# YOUR INSTRUCTIONS
Could you output each line below precisely as it stands, without the images?

# RAW DATA
########################################

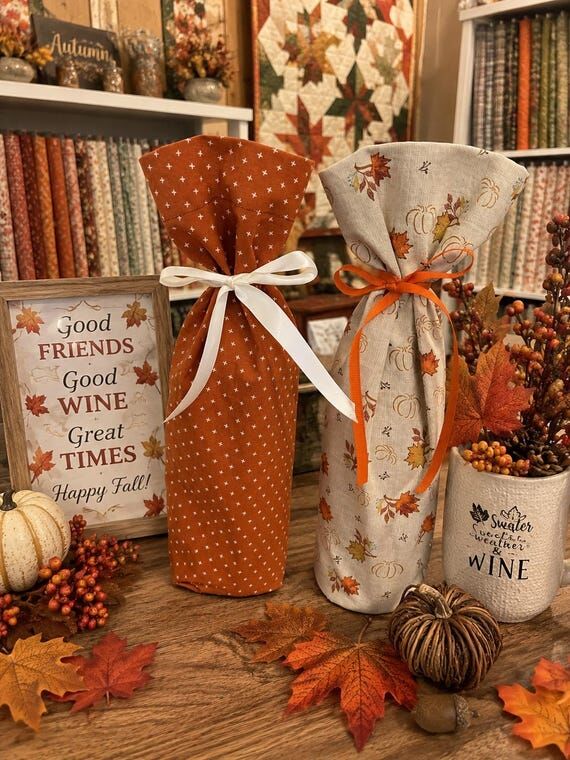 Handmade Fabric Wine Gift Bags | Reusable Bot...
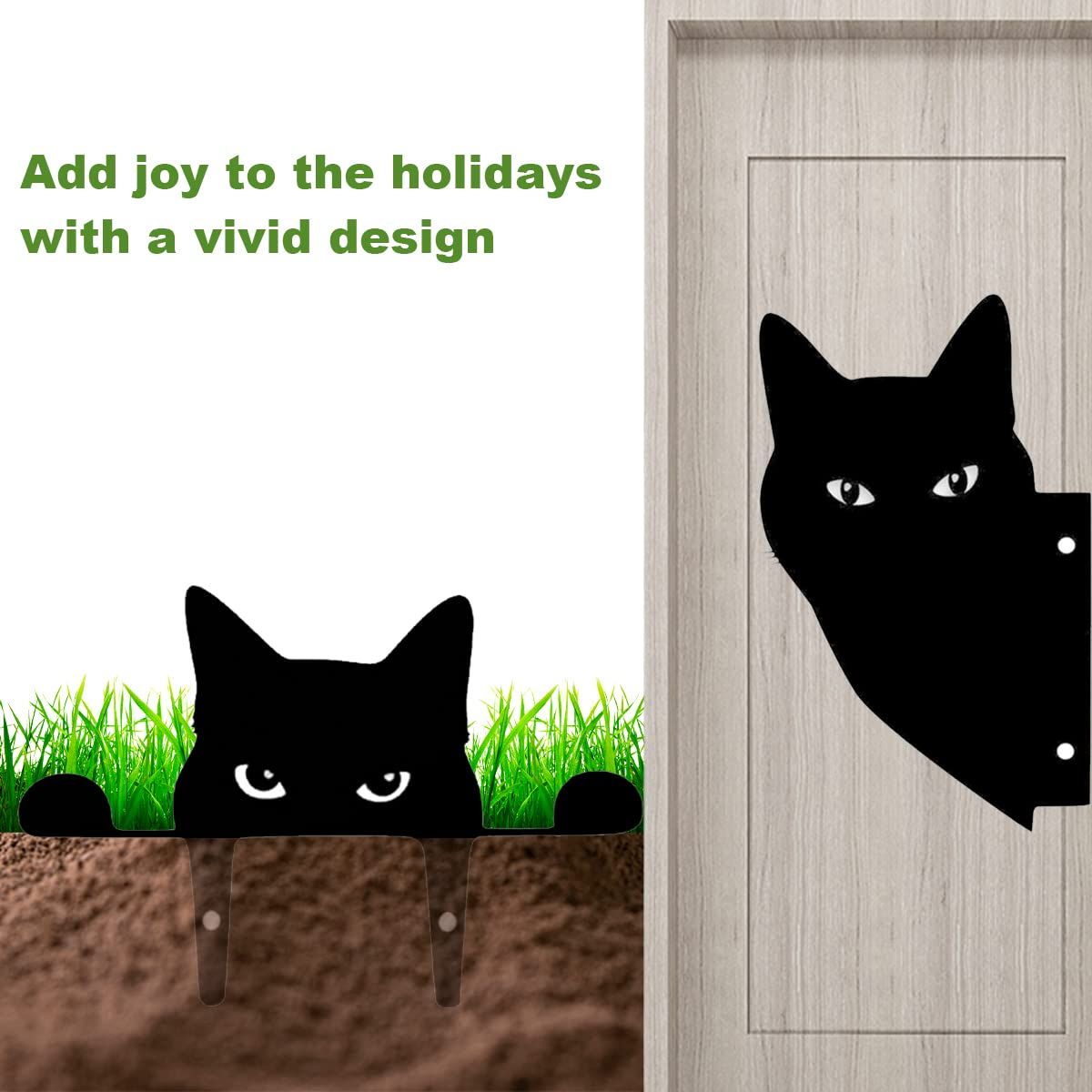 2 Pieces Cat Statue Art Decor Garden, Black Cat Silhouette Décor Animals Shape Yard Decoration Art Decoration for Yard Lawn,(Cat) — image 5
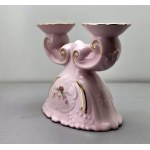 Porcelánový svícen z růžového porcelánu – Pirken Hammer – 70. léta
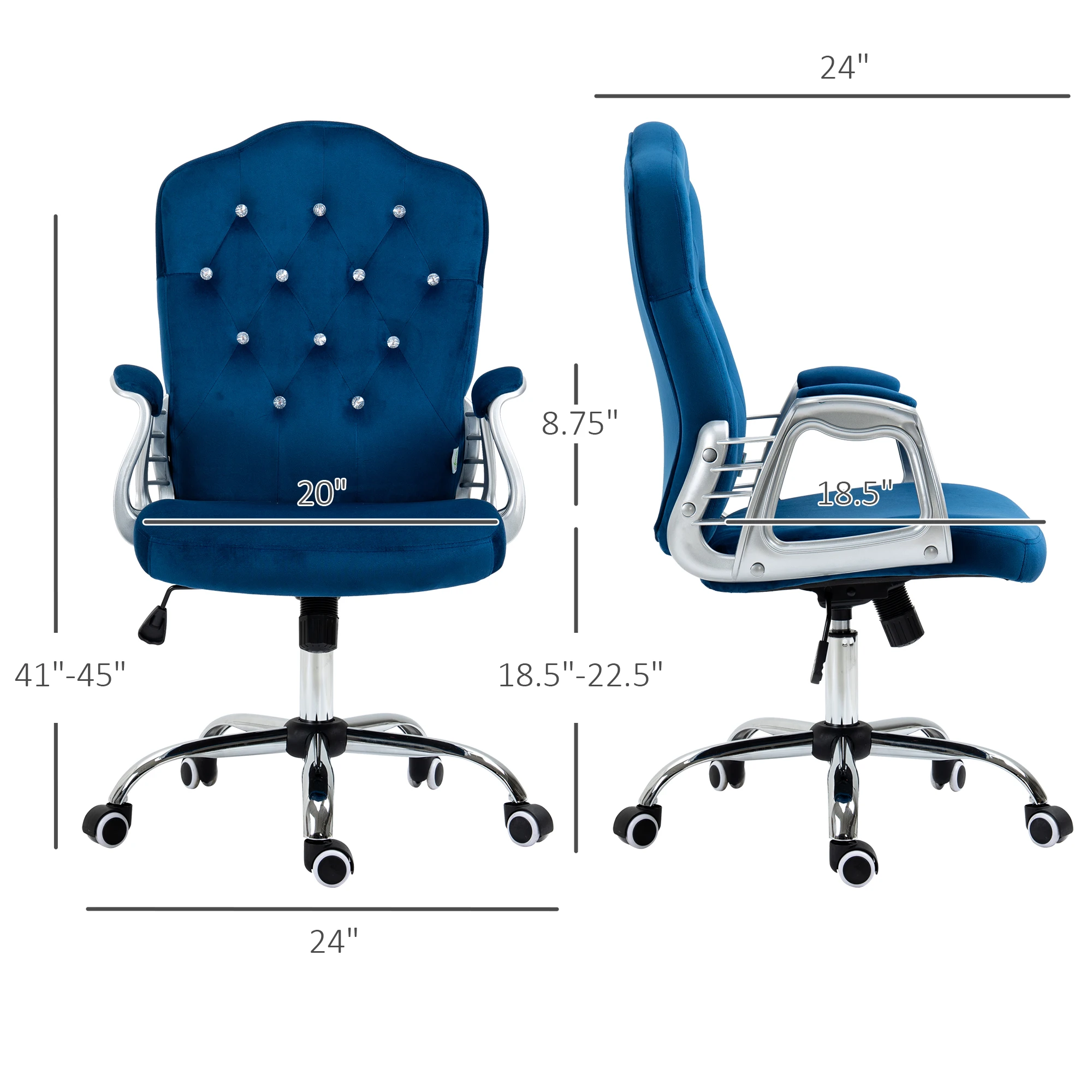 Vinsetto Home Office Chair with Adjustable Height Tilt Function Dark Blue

########################################

# EXERCISE SOLUTION
 Handmade Fabric Wine Gift Bags | Reusable Bot...
 2 Pieces Cat Statue Art Decor Garden, Black Cat Silhouette Décor Animals Shape Yard Decoration Art Decoration for Yard Lawn,(Cat) — image 5
 Porcelánový svícen z růžového porcelánu – Pirken Hammer – 70. léta
 Vinsetto Home Office Chair with Adjustable Height Tilt Function Dark Blue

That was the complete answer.